Move AD Account to cross domain

IdentityIQ (IIQ) IIQ Discussion and Questions
,
1

Hi,

How to move AD account to cross domain?

2

Hi,

Did you try it using BeforeProvisioning Rule ?

Thanks

3

Hi @kalyan_dev21

I dont think it is supported OOTB by AD Connector. You need to write a powershell script to achieve this

4

Yes, i have tried but it’s not working.

5

Could you guide me. how to achieve this?

6

This looks like a duplicate (or possibly 2 people working on the same problem for the same customer) as this post: How to move AD Account to cross domain?

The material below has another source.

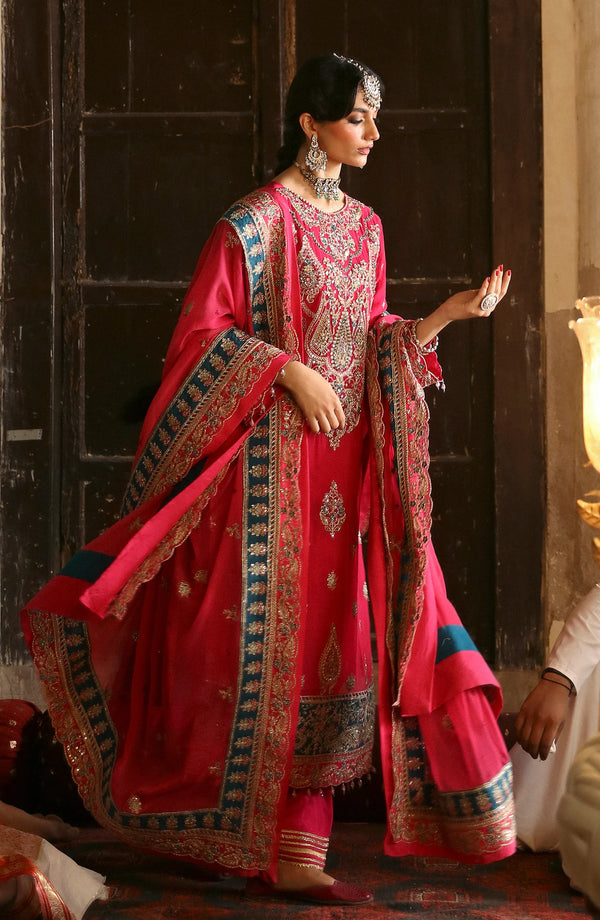 DEVDAS BY EMAAN | ADEEL UN-STITCHED 3PC | SAANVI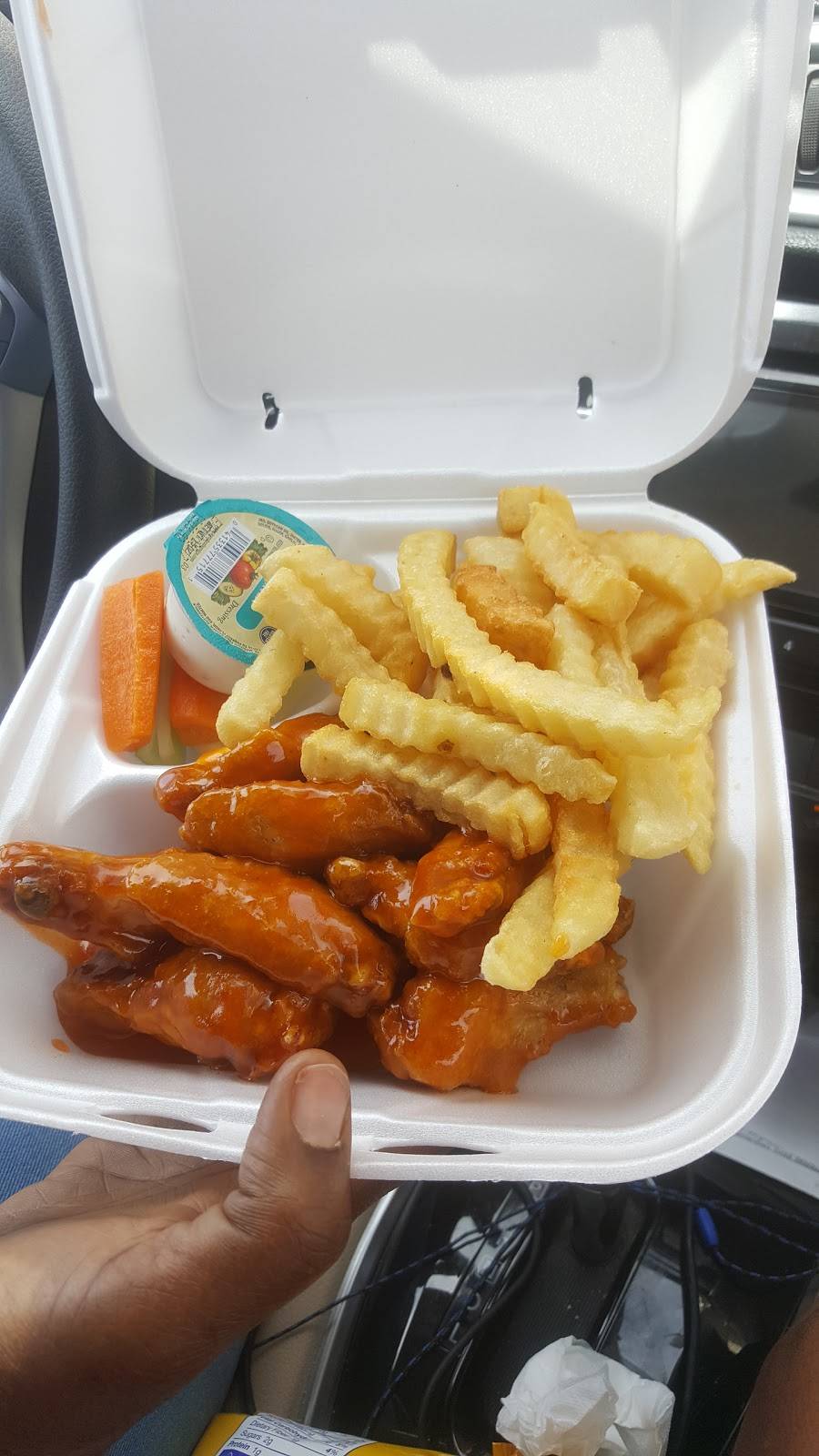 Hot Wings Plus | restaurant | 3479 Pio Nono Ave, Macon, GA 31206, USA | 4782576870 OR +1 478-257-6870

I’d recommend consolidating the discussion to that thread.

2 Likes
7

Hi @kalyan_dev21 ,

This is aa sample Before Provisioning Rule to move account to different OU if there is change in department.

import java.util.List;

import sailpoint.object.ProvisioningPlan;
import sailpoint.object.ProvisioningPlan.AccountRequest;
import sailpoint.object.ProvisioningPlan.AttributeRequest;
import sailpoint.tools.Util;

        String newOU = "OU=ASIA,DC=domain,DC=com";
        if (null != plan && (!Util.isEmpty(plan.getAccountRequests()))) {
            for (AccountRequest accountRequest : plan.getAccountRequests()) {
                if (accountRequest.getOperation().equals(ProvisioningPlan.AccountRequest.Operation.Modify)) {
                    List attributeRequestList = accountRequest.getAttributeRequests("department");
                    if (attributeRequestList != null && !attributeRequestList.isEmpty()) {
                        accountRequest.add(new AttributeRequest("AC_NewParent",
                                ProvisioningPlan.Operation.Set, newOU));
                    }

                }
            }
        }

This is rule is not checking for the uniqueness of nativeIdentity.

8

This topic was automatically closed 60 days after the last reply. New replies are no longer allowed.